The Campus is a direct-funded student organization, meaning it is an independent company that receives money directly from the school and is not under the purview of student government. However, the paper has, on several occasions, required financial assistance and bailout from the student government (notably in 2002–2003). The Campus is partially funded through the communications fee, and partially through ad sales. The paper is editorially independent of the university.

The newspaper is run by the editor in chief and the business manager. The editor in chief makes all content decisions and is the public face of the newspaper, while the business manager has final say on business decisions. The paper also has a board composed of the editor in chief, news editor, Web editor, sports editor, production manager, style editor, photography editor, opinion editor, and head copy editor. Unlike many other college newspapers, the Campus does not have any non-student employees.

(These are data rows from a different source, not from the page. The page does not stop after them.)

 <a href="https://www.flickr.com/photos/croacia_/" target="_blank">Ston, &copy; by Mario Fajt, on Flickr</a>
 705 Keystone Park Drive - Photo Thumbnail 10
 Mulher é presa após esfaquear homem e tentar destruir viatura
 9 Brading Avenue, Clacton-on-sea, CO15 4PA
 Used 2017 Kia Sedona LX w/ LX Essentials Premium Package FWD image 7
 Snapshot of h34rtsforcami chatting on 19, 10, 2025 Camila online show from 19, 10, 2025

In fall 2009, The Maine Campus switched from tabloid format to broadsheet. In 2011, the paper began a partnership with the Bangor Daily News to provide training, web hosting and development services for the paper, as well as a content-sharing agreement aimed at promoting the best in student journalism in Maine. In 2012, the paper switched from twice-weekly publication to a once-weekly Monday paper.

==Notable alumni==
Stephen King wrote a weekly column for the Campus in the 1970s and also published short stories such as Slade in the newspaper. According to Haunted Heart by Lisa Rogak:

After writing a few articles and essays for The Maine Campus, Steve decided to approach the editor, David Bright, about writing a weekly column. Bright gave him the go-ahead, and his first column appeared on February 20, 1969. Steve christened his column "The Garbage Truck" because, as he put it, "You never know what you're going to find in a garbage truck."

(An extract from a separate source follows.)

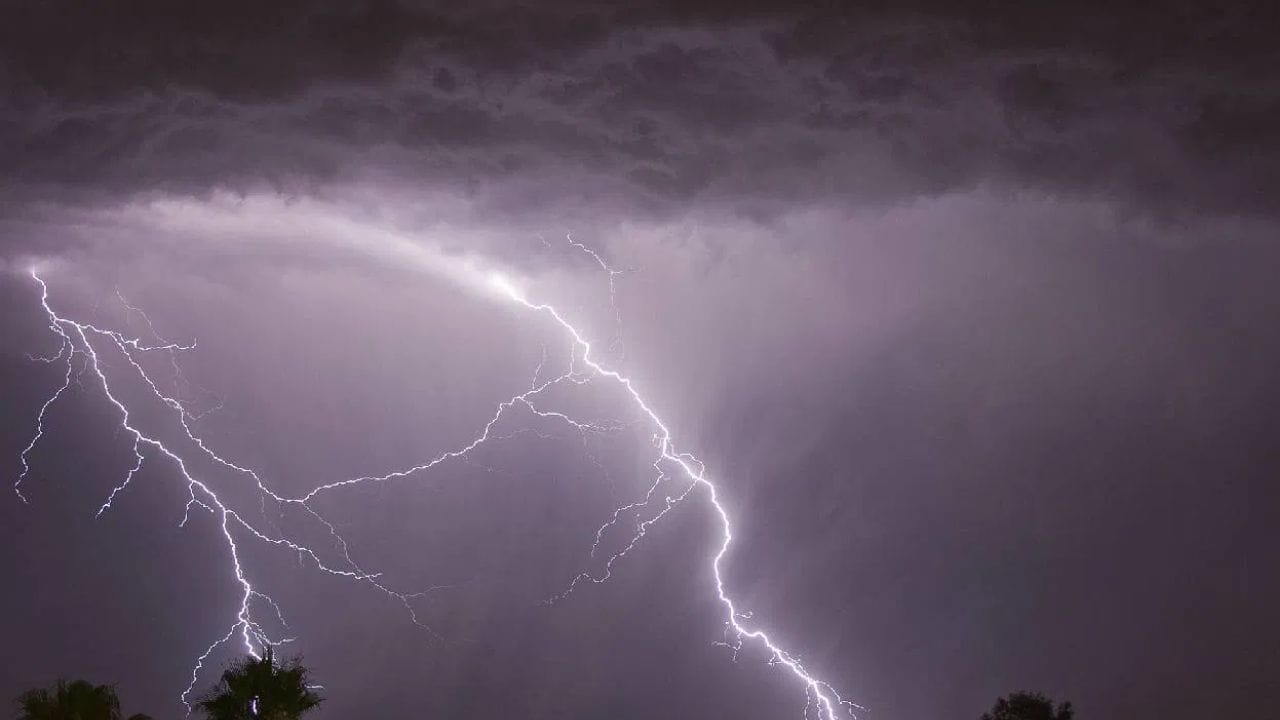 Monsoon update : या दिवसापासून महाराष्ट्रात धो धो धो धो पाऊस, 15 जून नाहीच, मॉन्सूनचे मोठे अपडेट Monsoon update : या दिवसापासून महाराष्ट्रात धो धो धो धो पाऊस, 15 जून नाहीच, मॉन्सूनचे मोठे अपडेट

From the beginning, Bright liked Steve's writing, but he wasn't overly fond of the nerve-racking style in which Steve cranked out his columns. An hour before the deadline with no column in sight, Steve would show up at the paper's office. Bright, wringing his hands, would tell Steve how many column inches he needed to fill for that issue. Steve would then sit down at one of the big, hulking green typewriters in the newspaper office and bang out his copy, letter-perfect with no cross-outs, no corrections, no crumpled-up pieces of paper, and meet his deadline with moments to spare.

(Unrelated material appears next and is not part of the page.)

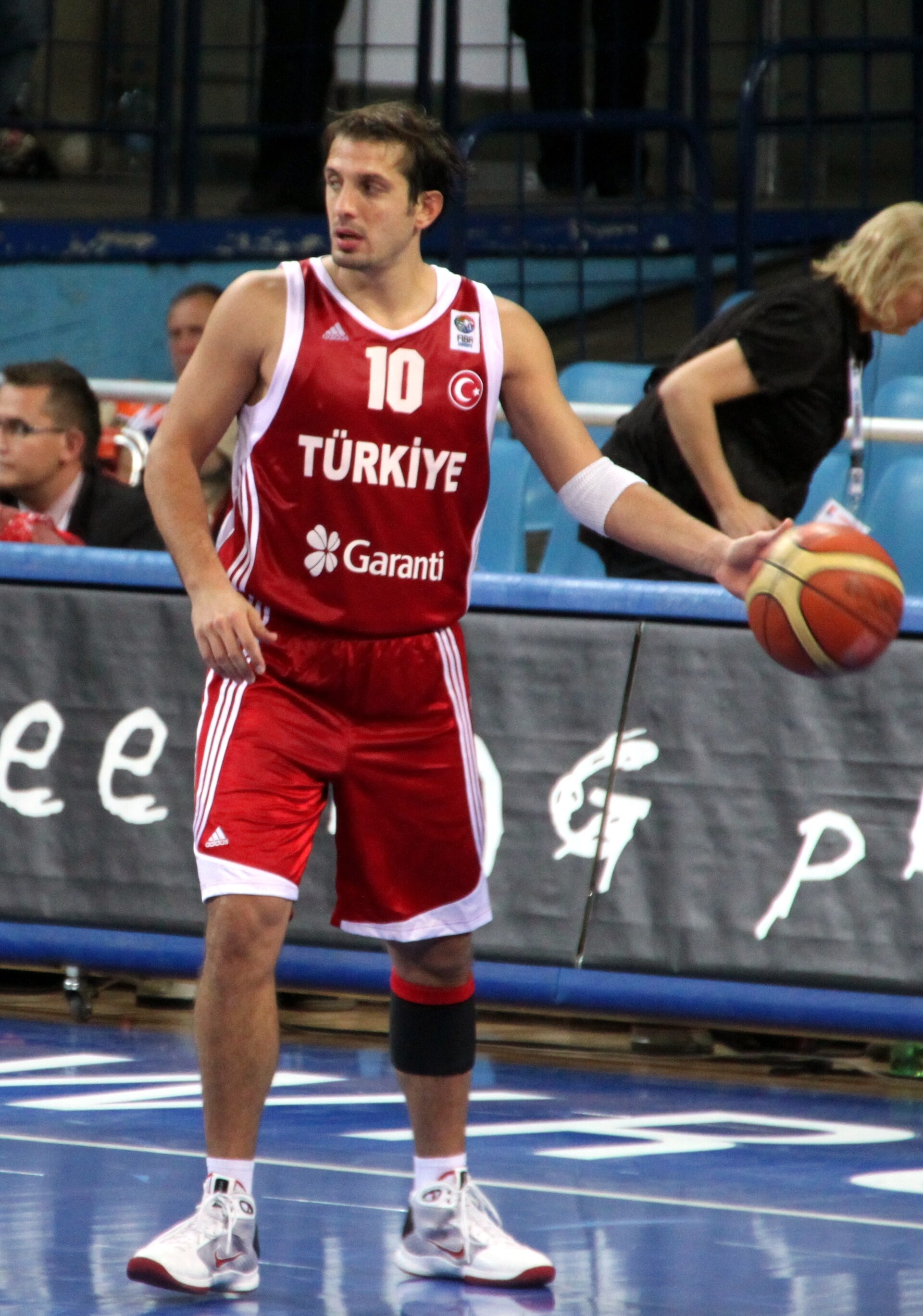 Imagem de referência relacionada a Kerem Tunçeri, item descrito como jogador de basquetebol turco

King's columns were often controversial and were popular in the community, even garnering the attention of then-President Winthrop Libby, but neither his columns nor his short stories have ever been republished. According to Stephen King from A to Z:

('Slade') will never be issued because King considers it juvenilia and has steadfastly refused all attempts to bring it back into print, to the point of having his lawyer write a litigious letter when The Maine Campus considered reprinting it, along with King's nonfiction columns, in a book for fund-raising purposes.